Captioned web images
---+---

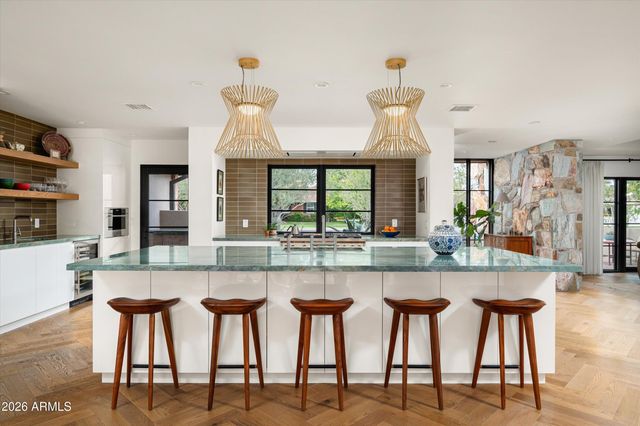 515 W ORANGEWOOD Avenue, Phoenix, AZ 85021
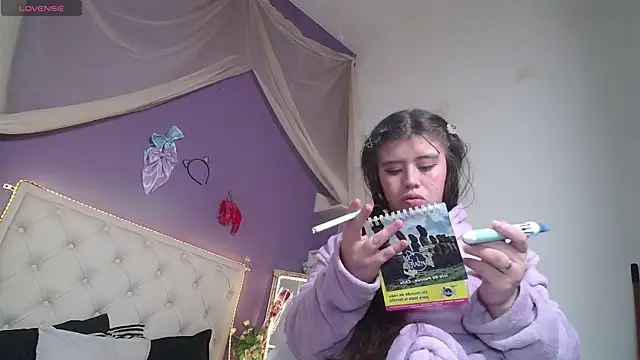 Ingrid Casas online show from 03-11-25, 03:48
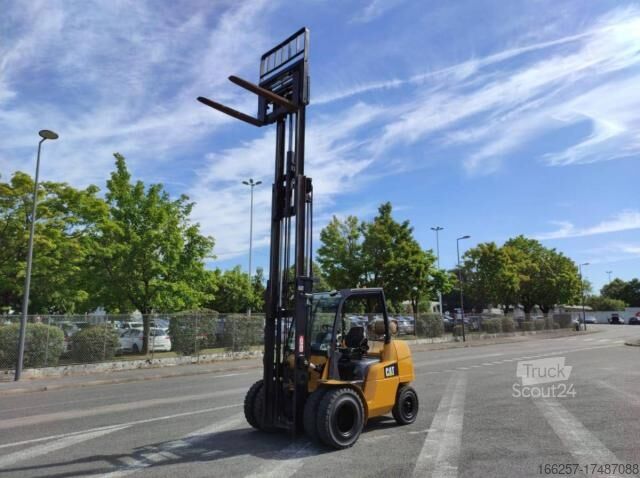Front loader forklift Caterpillar GP40N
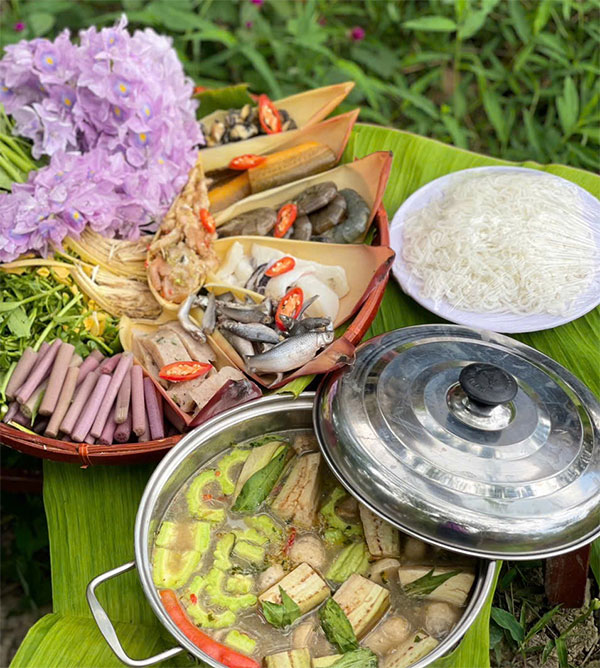 lau-mam-bong-luc-binh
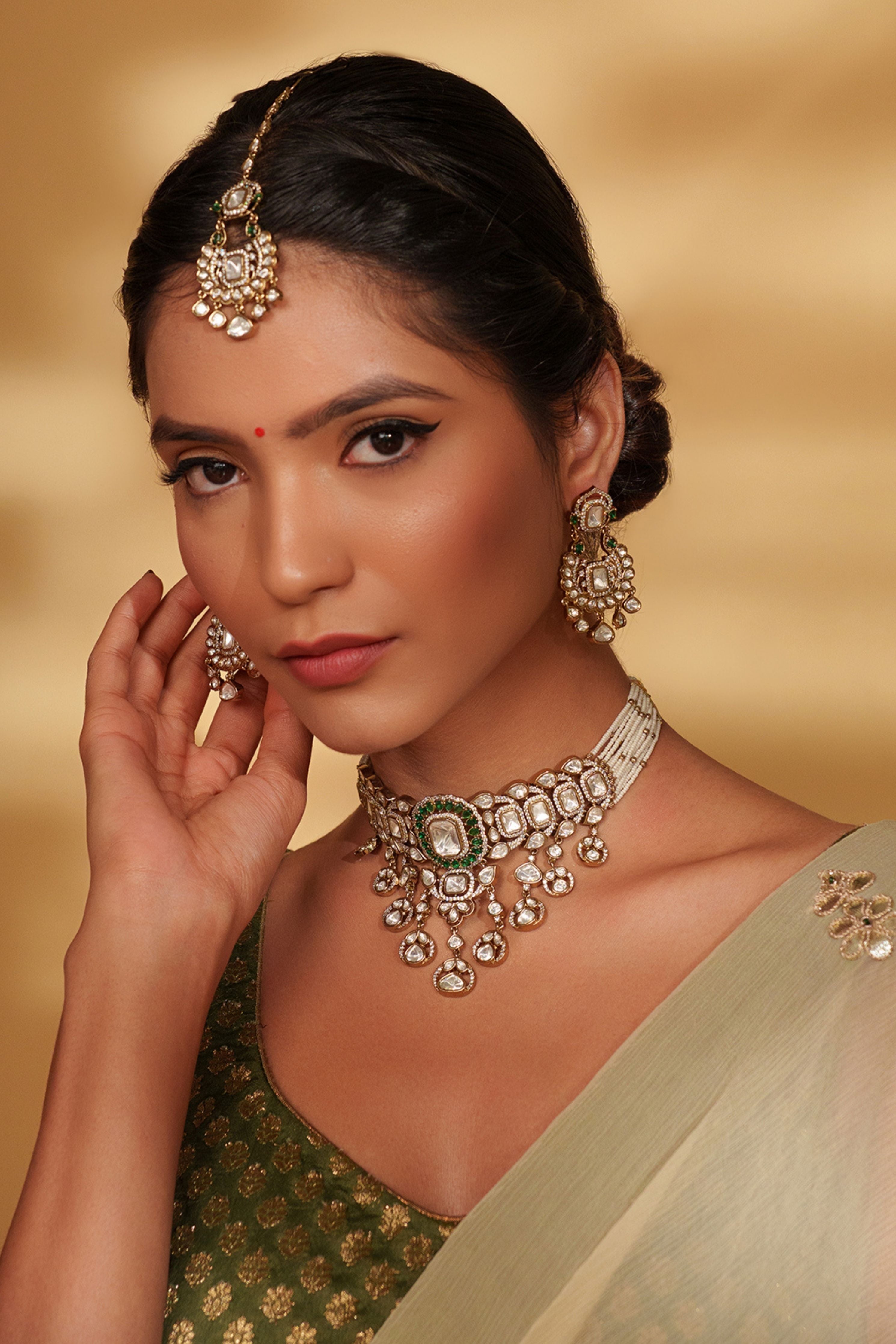 Contemporary Bold And Dramatic Two Tone Finish Polki Choker Set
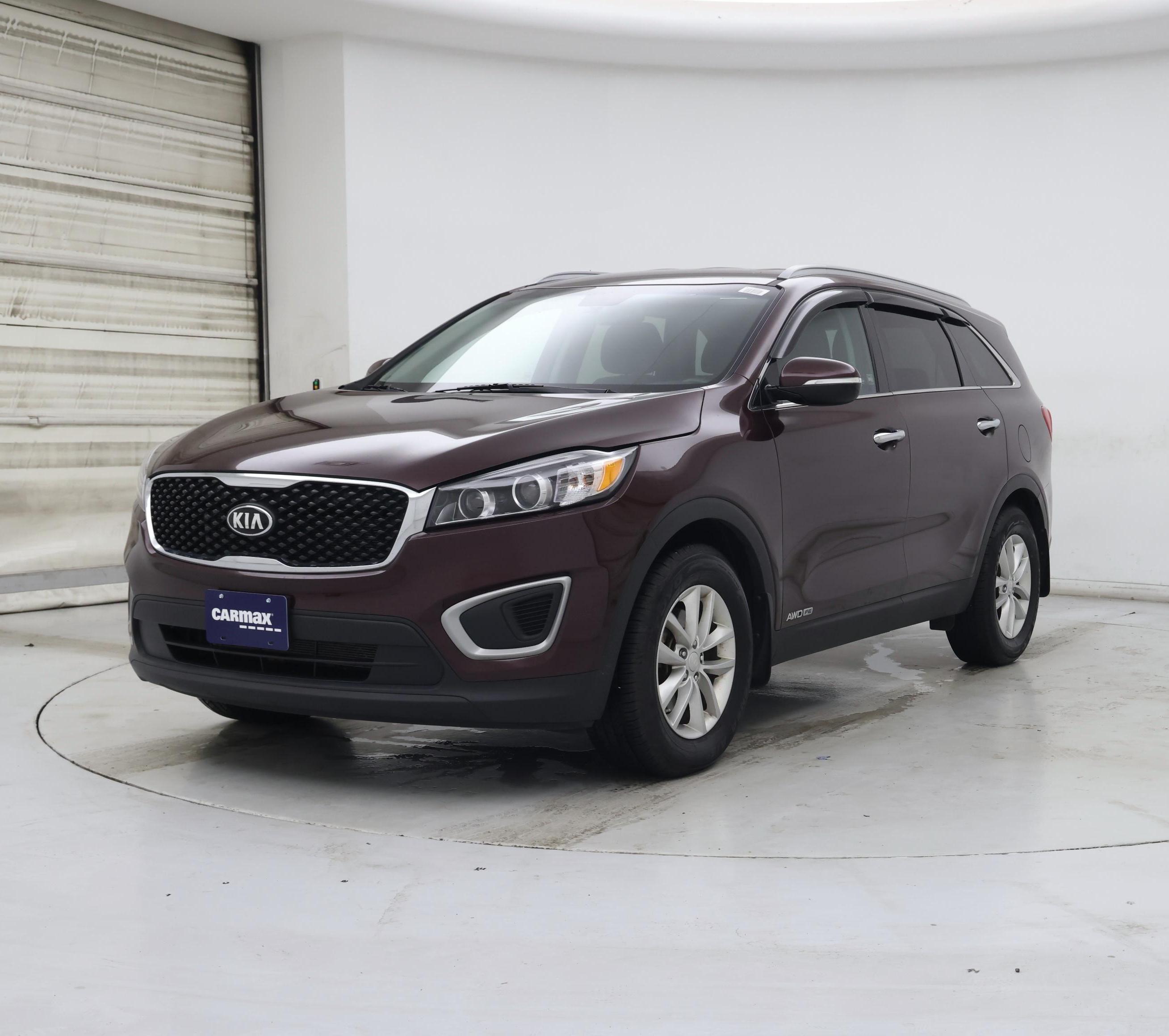 Thumbnail: 2016 Kia Sorento - 4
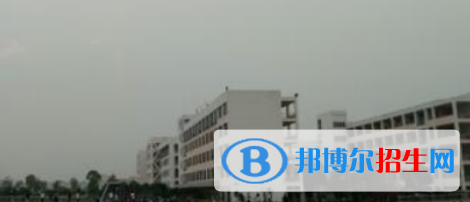 柳州鹿寨職業(yè)教育中心2020年報名條件、招生要求、招生對象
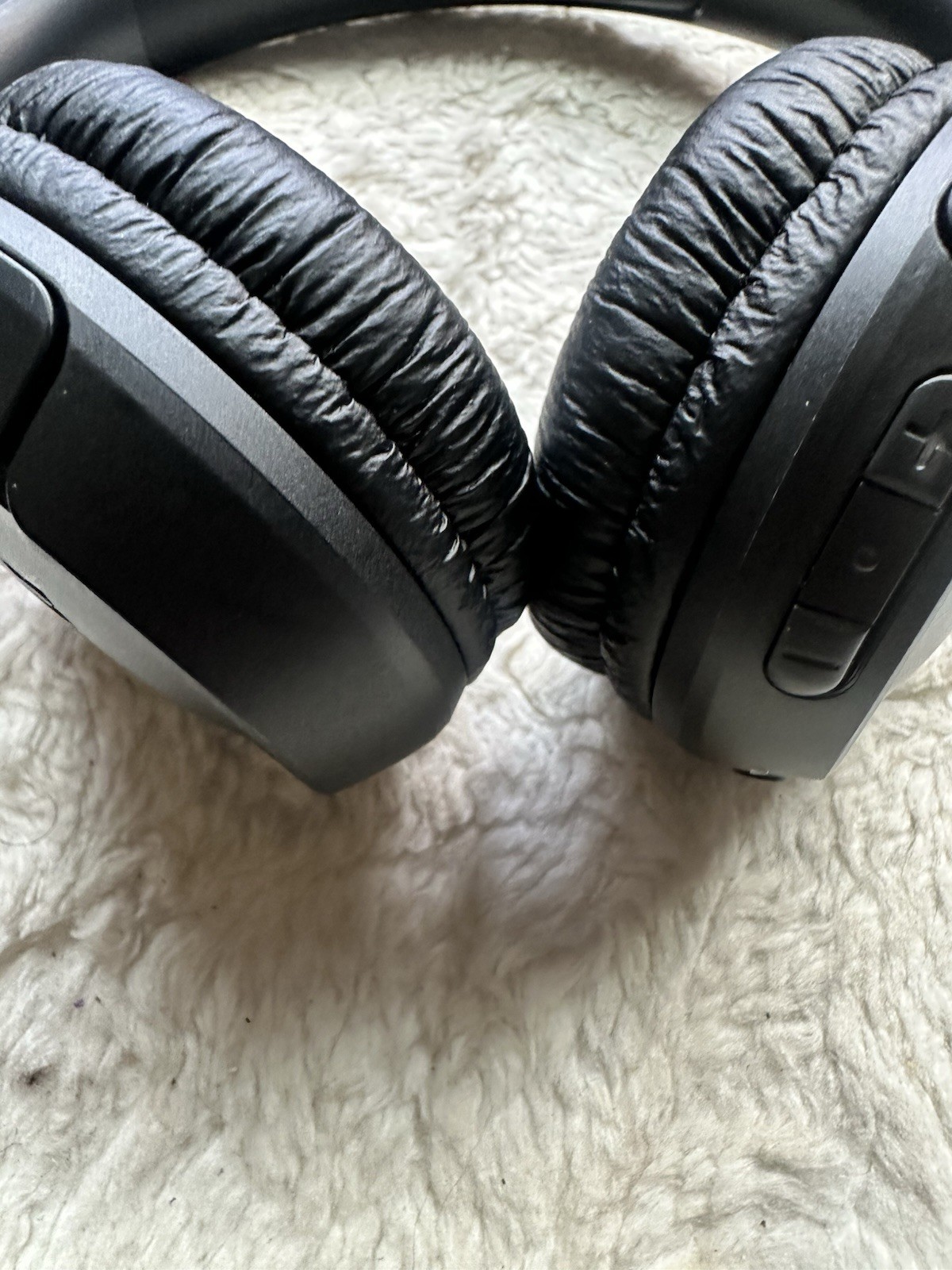 JBL Over-Ear Headphones with Noise Isolation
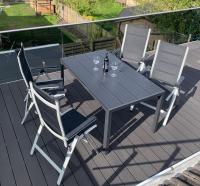 Ferienwohnung Raffael 100 qm, 2 große Betten im Wohnzimmer - B&B Cuxhaven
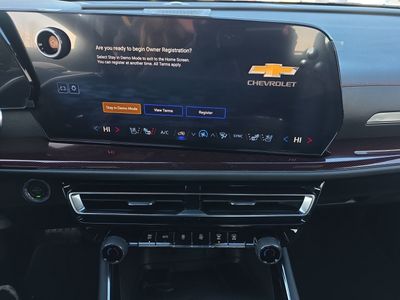 2026 Chevrolet Traverse — photo 14 view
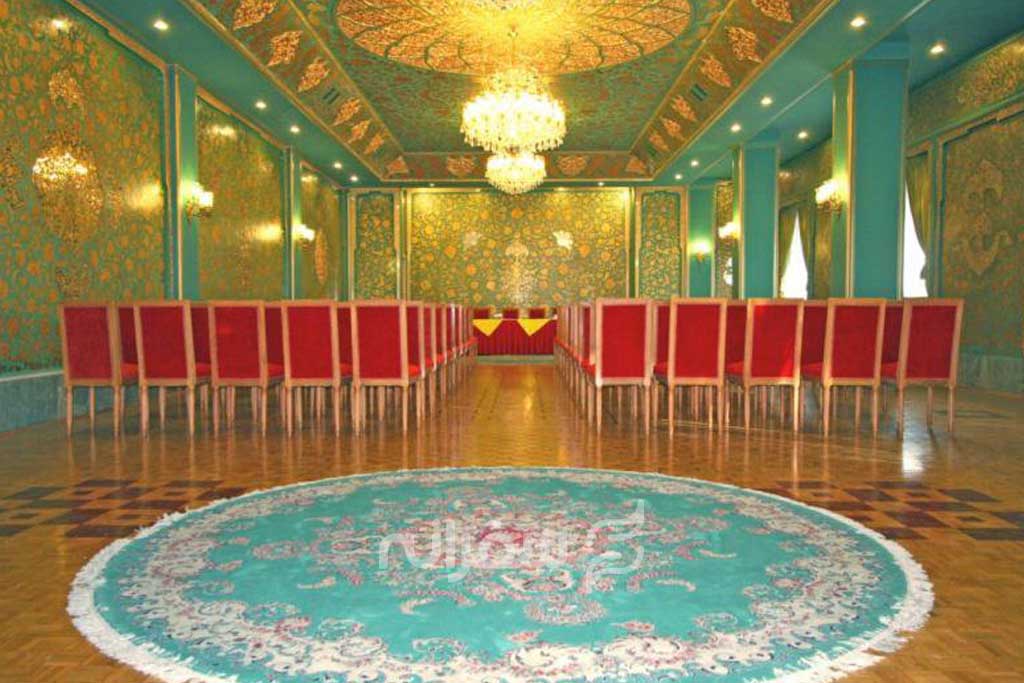سالن-هتل-عباسی-اصفهان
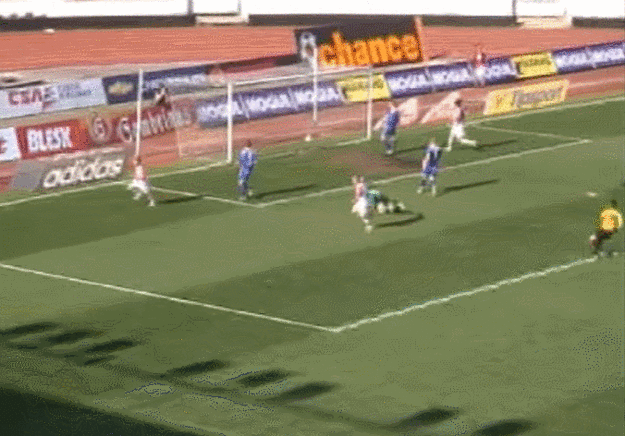 Aj takéto góly už v minulosti strieľal Dušan Švento v drese Slavie Praha. Konkrétne tento zaznamenal v sezóne 2005/2006 prí víťazstve 4:0 nad Baníkom Ostrava.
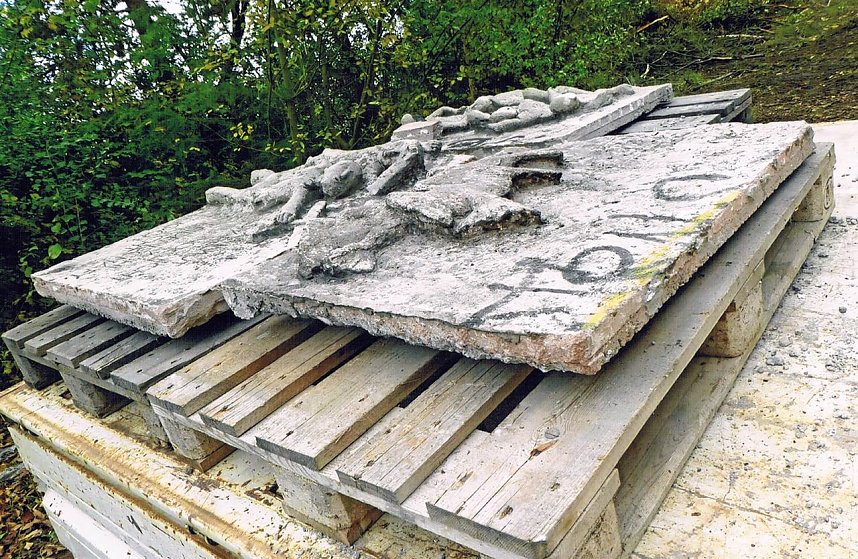 Die ersten Reliefs sind geborgen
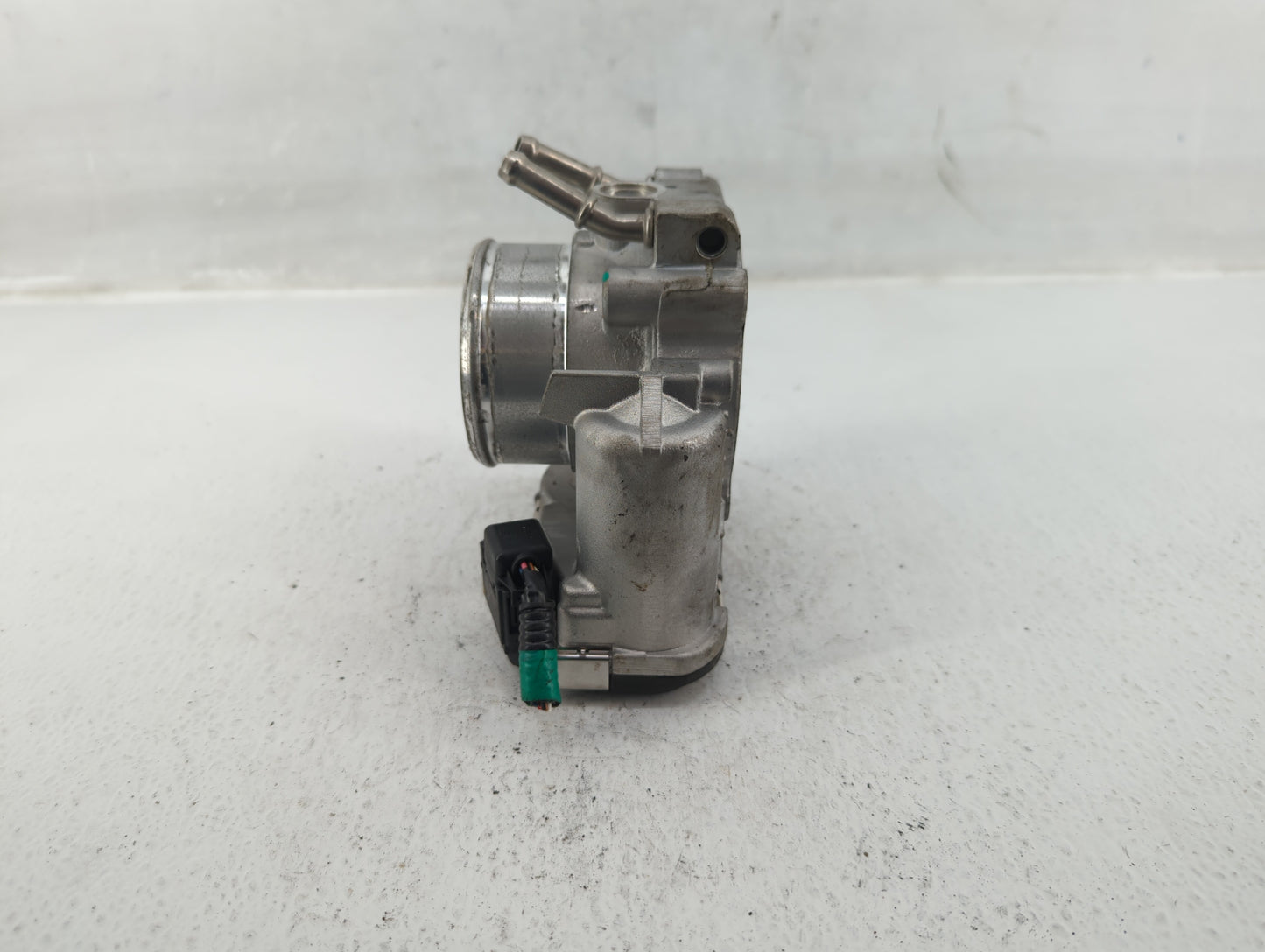 2015-2019 Hyundai Sonata Throttle Body P/N:35100-2G610 Fits Fits 2015 2016 2017 2018 2019 2020 2021 OEM Used Auto Parts - Oe
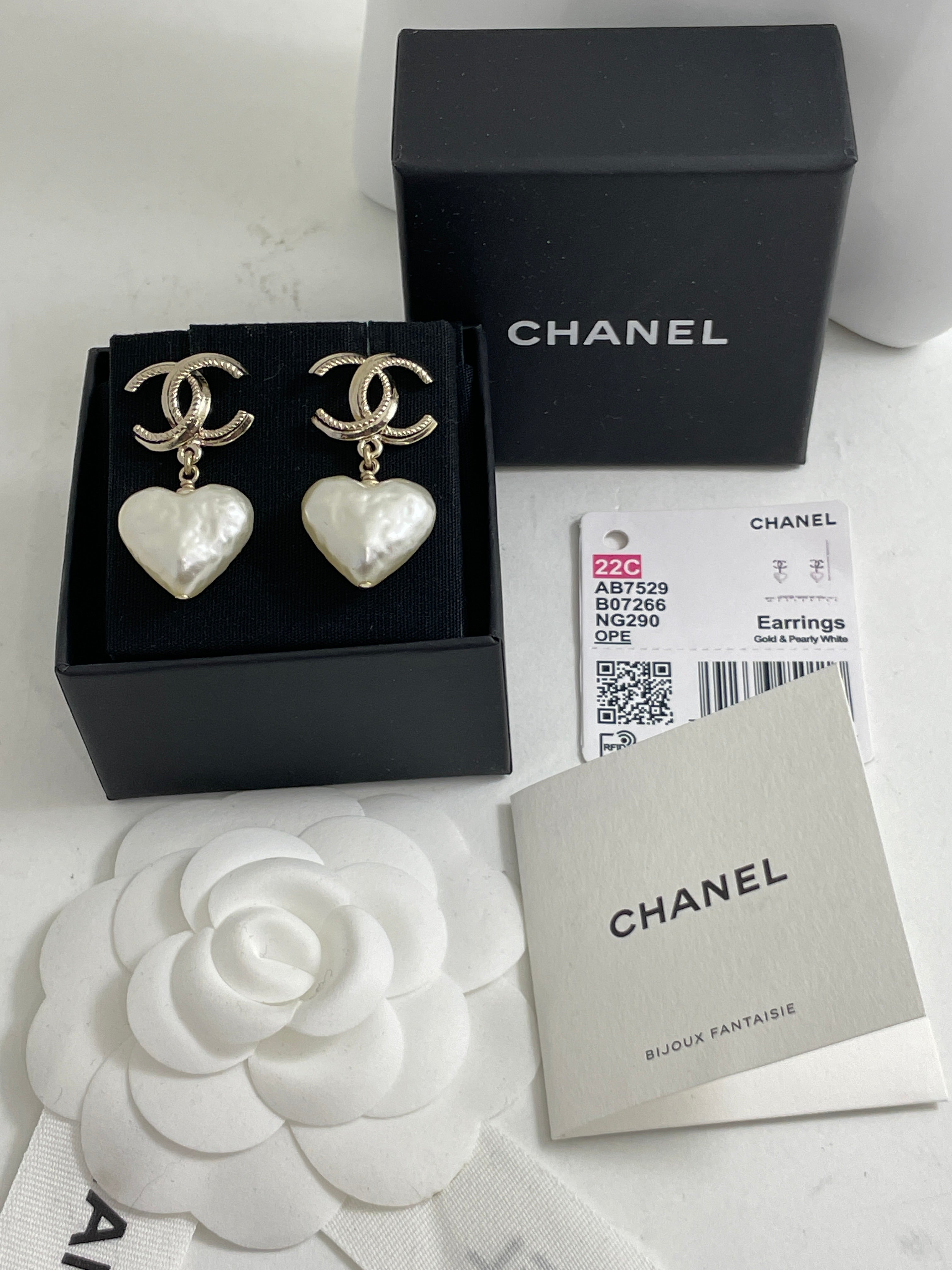 Chanel 22 CC Crystal Gold Tone Pearl Drop Earrings – The Millionaires Closet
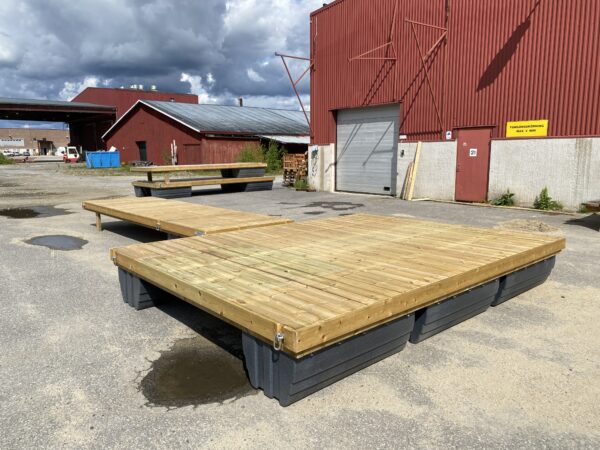 Flytbrygga L4000xB2950mm, impregnerad med 6 flytpontoner, bärkraft 970kg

---+---

Aim of the exercise: Nothing but the lines from the one with "Thumbnail: 2016 Kia Sorento - 4" through the end of the entries above, both included, should be set down, exactly and without pictures.

Response to the task:
 Thumbnail: 2016 Kia Sorento - 4
 柳州鹿寨職業(yè)教育中心2020年報名條件、招生要求、招生對象
 JBL Over-Ear Headphones with Noise Isolation
 Ferienwohnung Raffael 100 qm, 2 große Betten im Wohnzimmer - B&B Cuxhaven
 2026 Chevrolet Traverse — photo 14 view
سالن-هتل-عباسی-اصفهان
 Aj takéto góly už v minulosti strieľal Dušan Švento v drese Slavie Praha. Konkrétne tento zaznamenal v sezóne 2005/2006 prí víťazstve 4:0 nad Baníkom Ostrava.
 Die ersten Reliefs sind geborgen
 2015-2019 Hyundai Sonata Throttle Body P/N:35100-2G610 Fits Fits 2015 2016 2017 2018 2019 2020 2021 OEM Used Auto Parts - Oe
 Chanel 22 CC Crystal Gold Tone Pearl Drop Earrings – The Millionaires Closet
 Flytbrygga L4000xB2950mm, impregnerad med 6 flytpontoner, bärkraft 970kg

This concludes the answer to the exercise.